Juanita Stein – The Weightless Hour | The Quietus

Juanita Stein

The Weightless Hour

Agricultural Audio

Former Howling Bells singer/guitarist returns with a radically different, stripped-back sound

Four years on from her last studio album, Juanita Stein is reintroducing herself through a big shift in her musical approach. On The Weightless Hour, Stein massively scales back her arrangements, setting her voice at the centre and letting a healthy amount of reverb help her and her guitar fill in the space.

But while Stein’s arrangements are frequently simple, they are never sparse. Despite the minimalist approach to the songs, the production still sounds full, allowing distant echoing sounds to emphasise what’s there rather than imply what’s missing. This stripped back approach, however, reflects back in her lyrics. “No call to arms / No cross to bear” she sings on the title track with a world weariness.

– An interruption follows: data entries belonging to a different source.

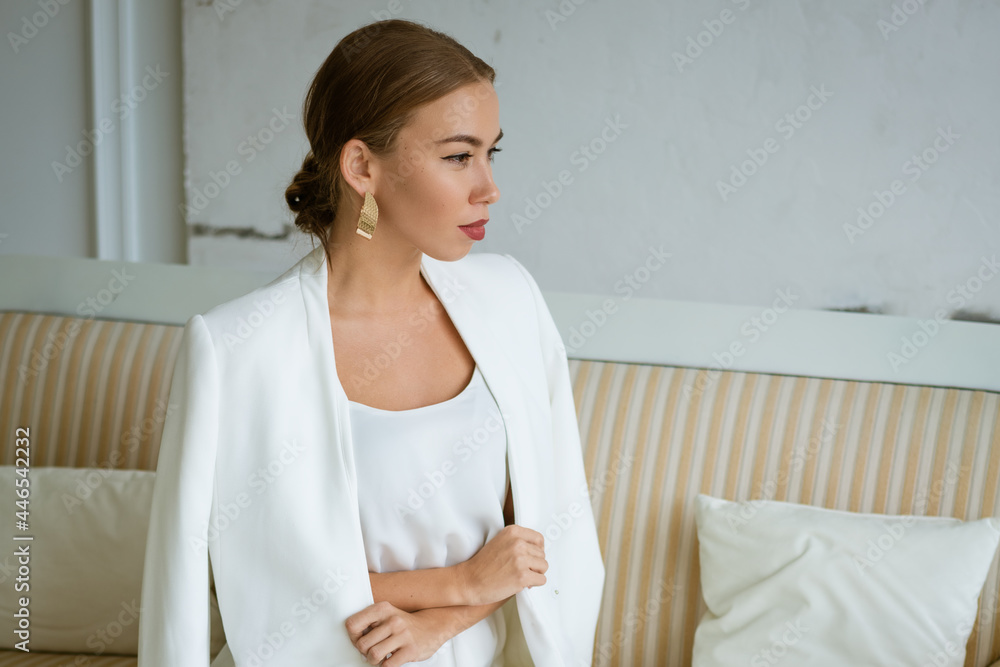 Young business woman of Caucasian ethnicity is sitting on the sofa in white business clothes with beautiful makeup and hair. Portrait of a confident beautiful girl Young business woman of Caucasian ethnicity is sitting on the sofa in white business clothes with beautiful makeup and hair. Portrait of a confident beautiful girl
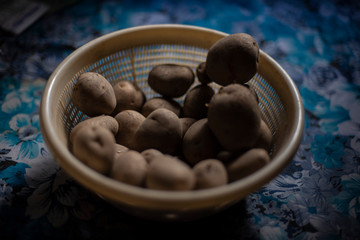 A basket full of potato kept in the Indian kitchen during the lock down period.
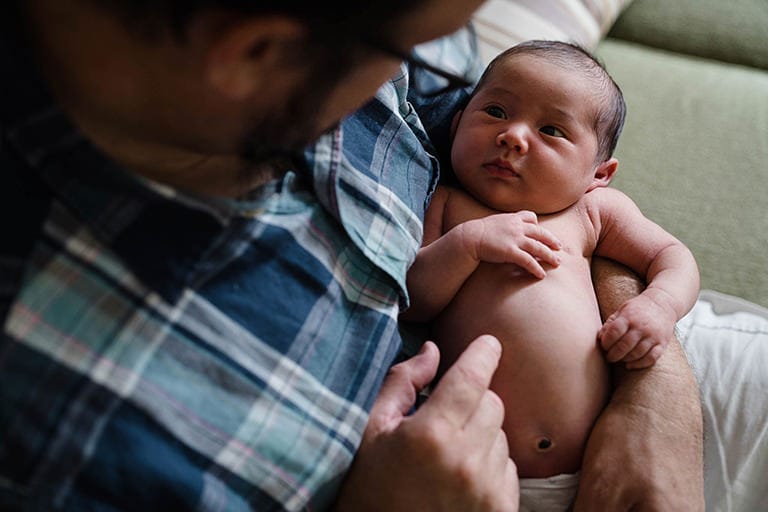 A best of Boston family session of a dad holding his newborn daughter during in home lifestyle newborn session in Boston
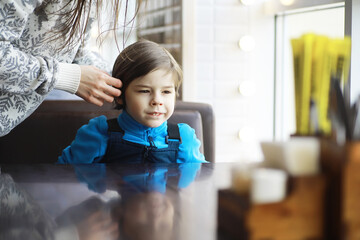 A young boy sits at a table near the window in a cafe and waits for a waiter to come up and take an...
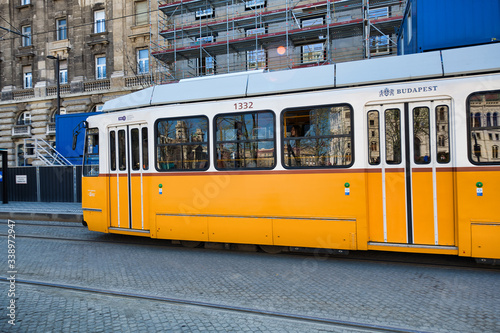 BUDAPEST, HUNGARY - MARCH 30, 2019: Old yellow tram speeds up along city streets. The historical center of the capital of Hungary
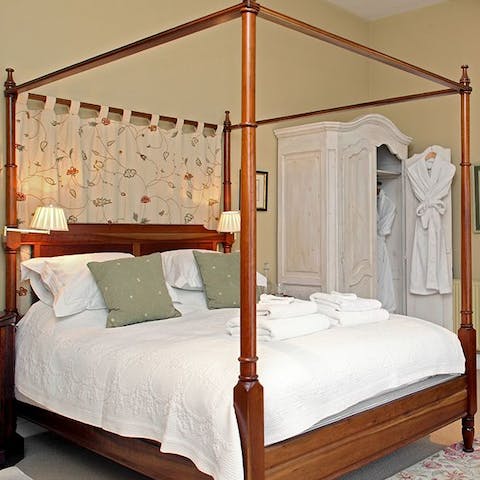 Sleep soundly in the luxurious four poster bed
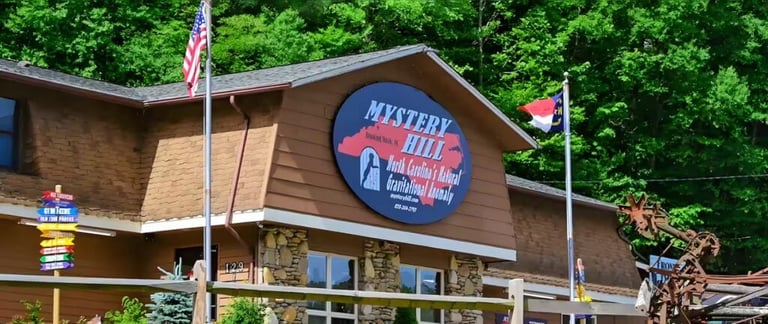 Brick building with Mystery Hill sign and American flag surrounded by green trees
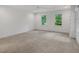 Bright bedroom with carpet, ceiling fan and two double hung windows at 3 Yancey, Pittsboro, NC 27312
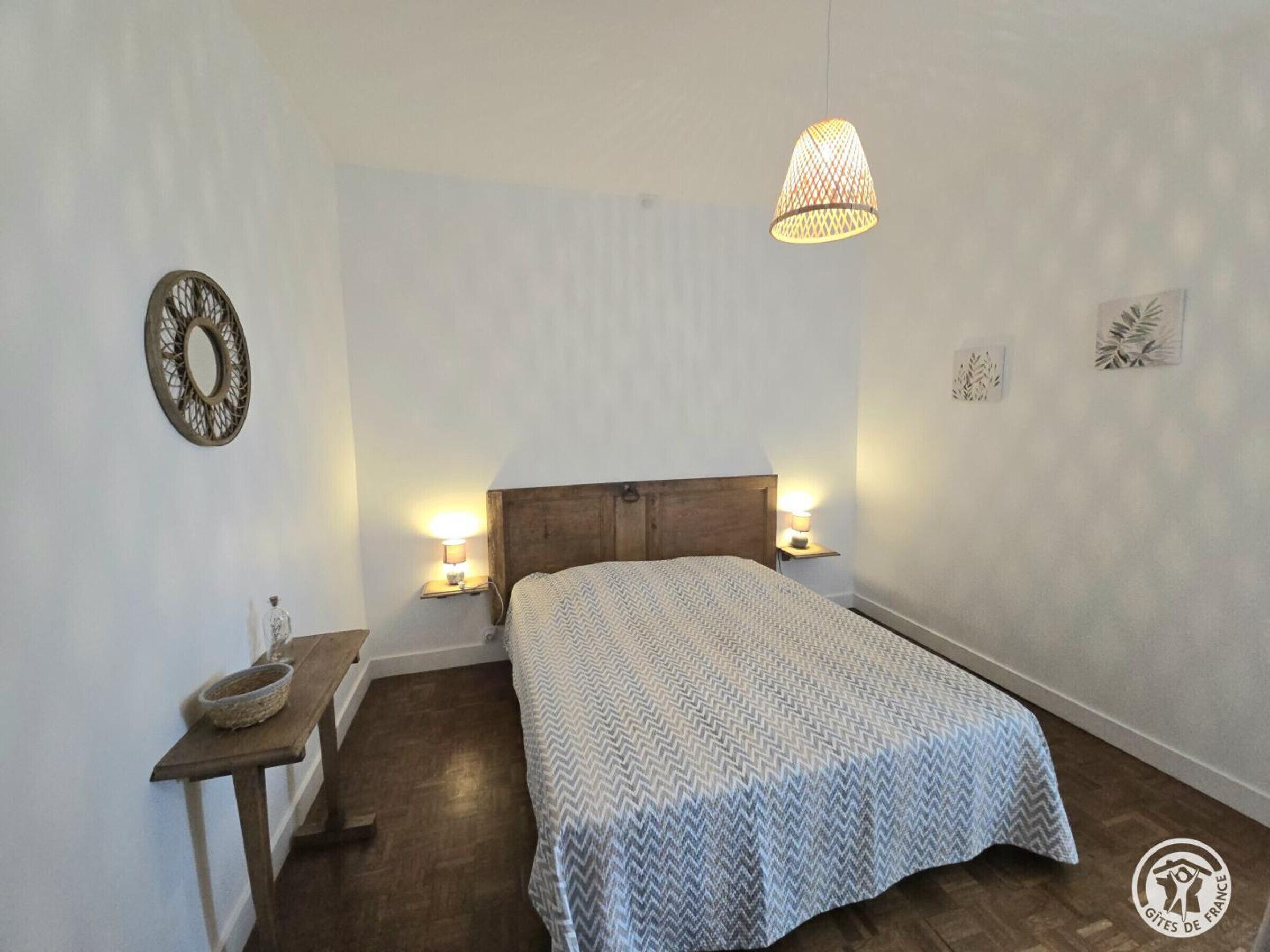 Ein Schlafzimmer mit einem Holzkopfteil, zwei Nachttischlampen, einem Bett mit gemustertem Bettbezug, einem kleinen Nachttisch mit einer Schale und einer Pendelleuchte.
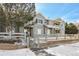 View of gray siding townhome exterior with a snow covered yard and low brick wall and white wooden fence at 912 S Yampa St # 208, Aurora, CO 80017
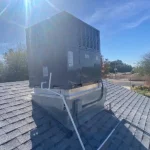 Rooftop HVAC unit installed on a residential property under a clear blue sky.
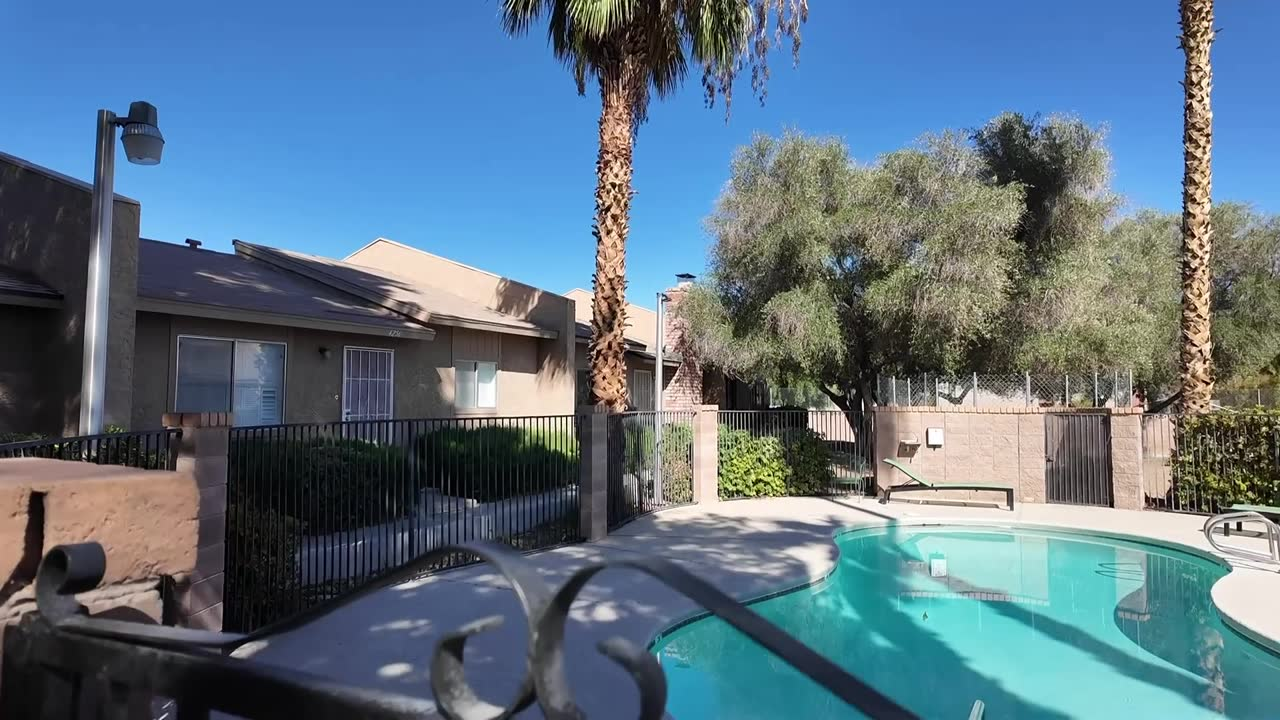 Community pool steps from the front door at 4274 Rollingstone Drive, Las Vegas home under $250K with HOA that covers the pool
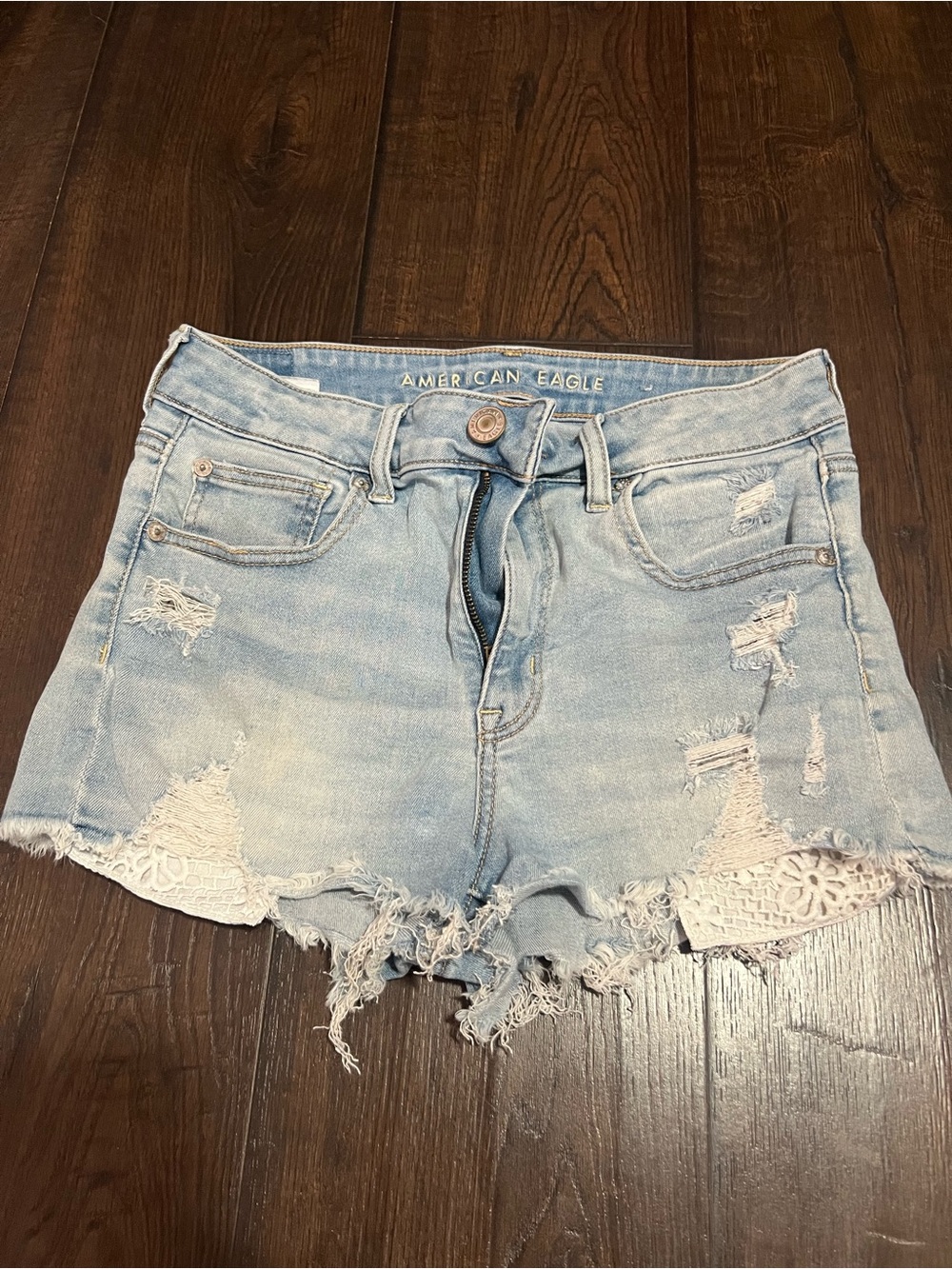 American Eagle Outfitters Light Wash Distressed Denim Shorts with Lace Trim
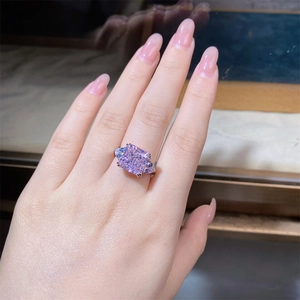 Gros plan d'une bague avec pierre rose de 5ct taille radiant et diamants poire sur le doigt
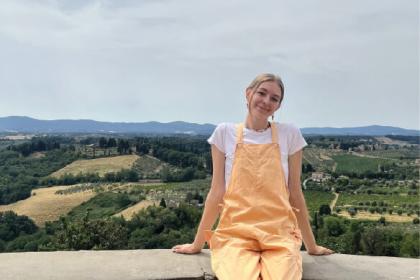 woman sitting on wall with green hills in the background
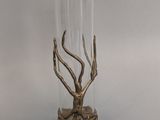 a glass vase with a metal decoration on it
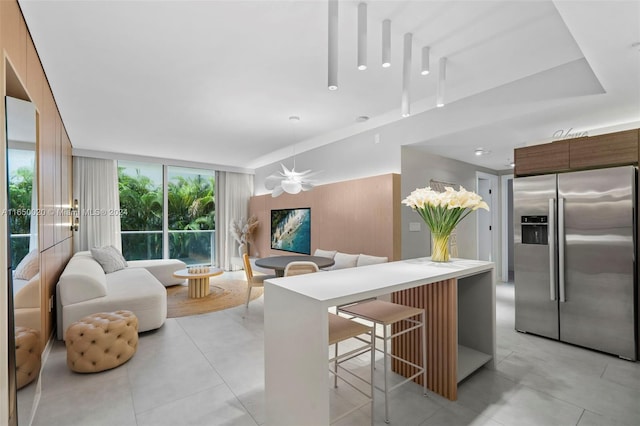 kitchen with expansive windows, a breakfast bar area, and stainless steel fridge with ice dispenser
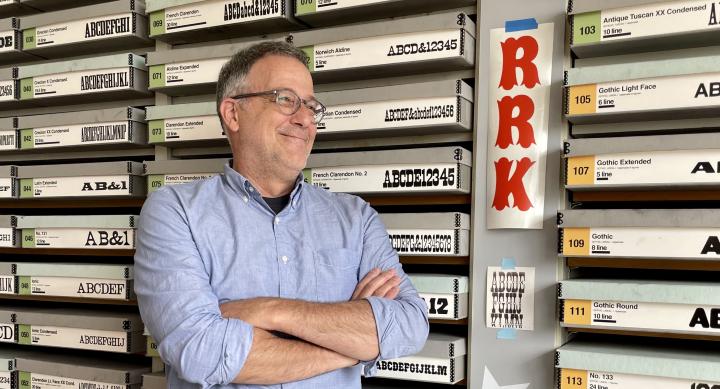 David Sheilds posing in front of the Rob Roy Kelly American Wood Type Collection during his visit in Fall 2023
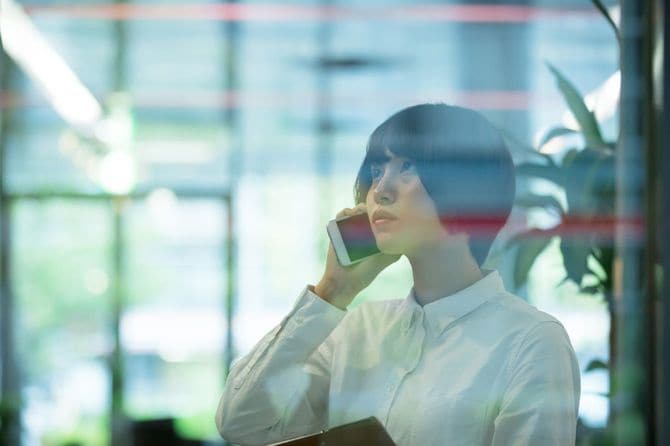 窓ガラスの向こうでスマートフォンで電話する女性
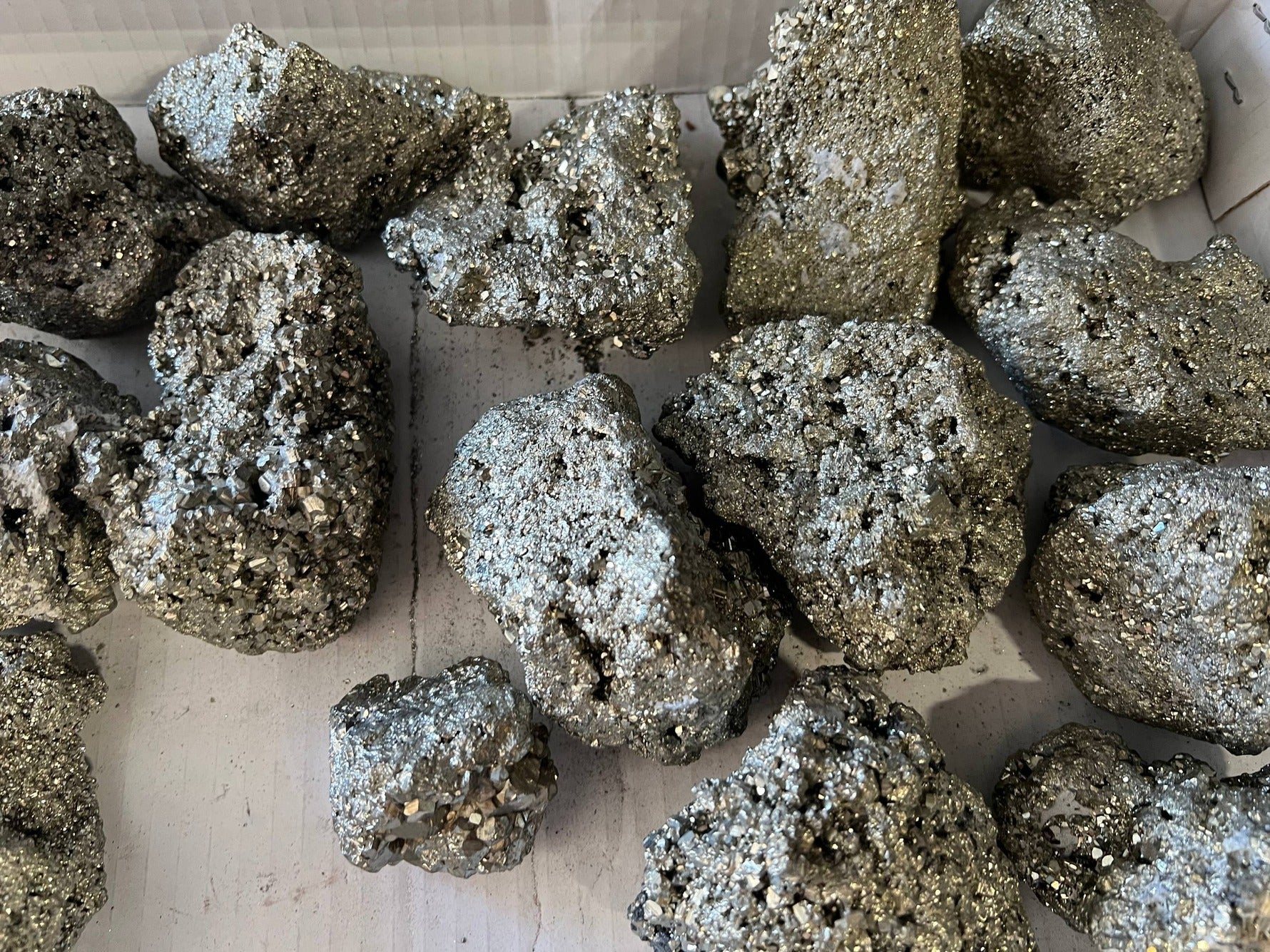 Raw Pyrite Chunks – full box overview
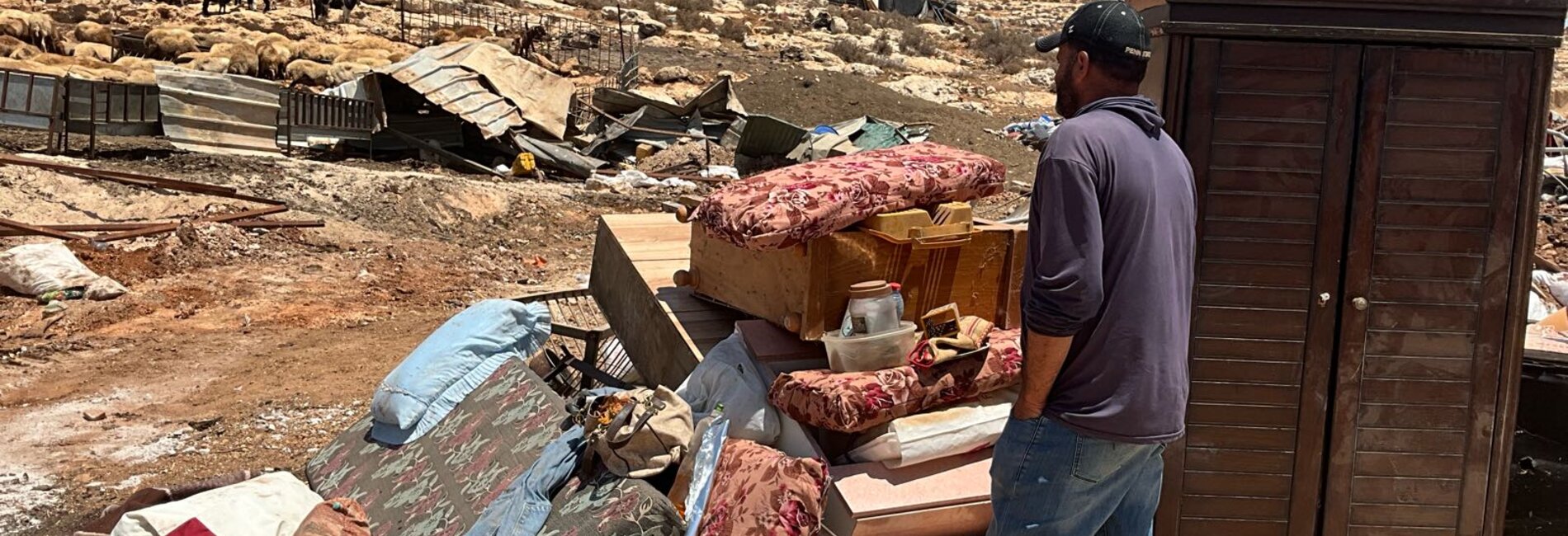A Palestinian man next to some of his belongings, out in the open, following the demolition of 20 homes and other structures in Al Mughayyir. Photo by OCHA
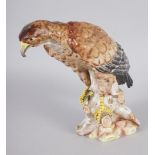 A German china model of an eagle, 7 1/2" high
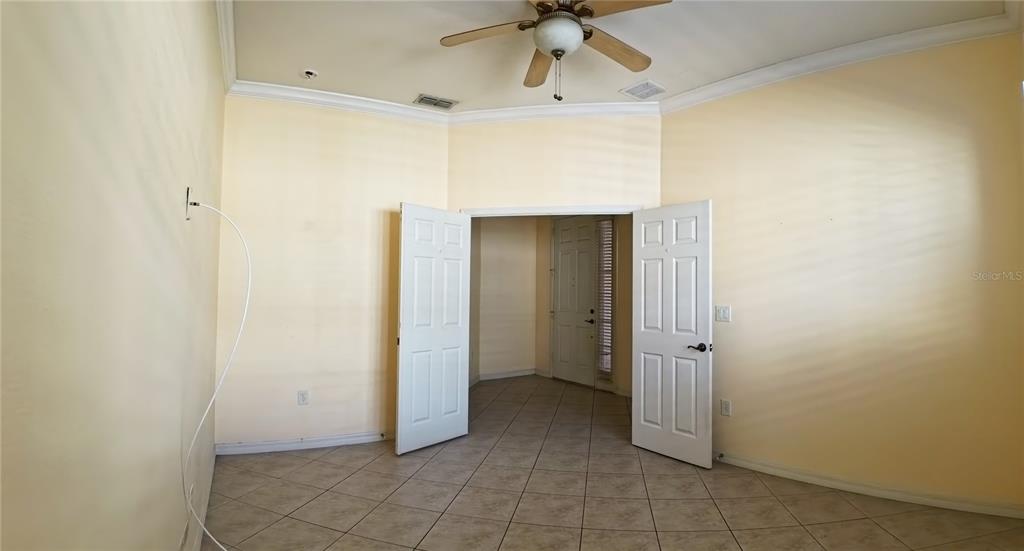 100 Flame Vine Way Groveland, FL 34736 - Photo 7 of 38 a view of a hallway with a bathroom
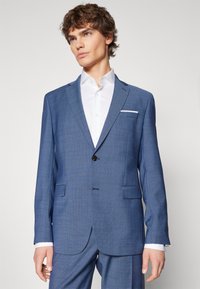 Blauwe geruite blazer met insnijdingen, enkele knoopsluiting en twee frontzakken. Gecombineerd met een witte dress shirt.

Whether that fatigue is born of resignation or acceptance is a question of how much agency was in the outcomes. But there is definitely a clarity. It’s in ‘Old World’, Stein’s mournful account of a visit to Prague, from which her grandmother fled the Nazi occupation, and a modern willingness to forget a horrific past. While Stein’s delivery is mostly stoic, her backing vocals are ghostly, and a swell of strings and chime of glockenspiel are a pointed, dramatic moment when she allows something other than her voice to come to the fore.

That sense of clarity is also present on ‘The Game’, a gentle song to her younger self (the one who in her Howling Bells days had to be relegated to ‘women in rock’ lists as though her musicianship and songwriting required the qualifier). “Ignore your instincts / Blink and you’ll miss it”, she sings with a sarcastic calm and knowledge of the urgency that gets young people to act against their interests for seat at a table that isn’t always open to them.

Arguably, her pared back approach on The Weightless Hour is Stein following her instincts on what feels right for now. ‘Ceremony’, the track on the album fleshed out with bass and drums, is evidence that she hasn’t abandoned rock music and could have followed the familiar path elsewhere. The fat, bluesy sound of ‘Daily Rituals’ would have easily fit with a similar arrangement, but there’s more intimacy in her voice and guitar being offset by a skipping synth.

There is a similar heightened emotion to ‘Motionless’, the album’s upbeat centre. Its big, wailing chorus and matter-of-fact backing vocals have a naked vulnerability that wouldn’t be there if Stein chose a slicker production or more complex arrangement. Instead, it’s a marvel how big she can make her voice and guitar sound. She is allowing herself to take up that space.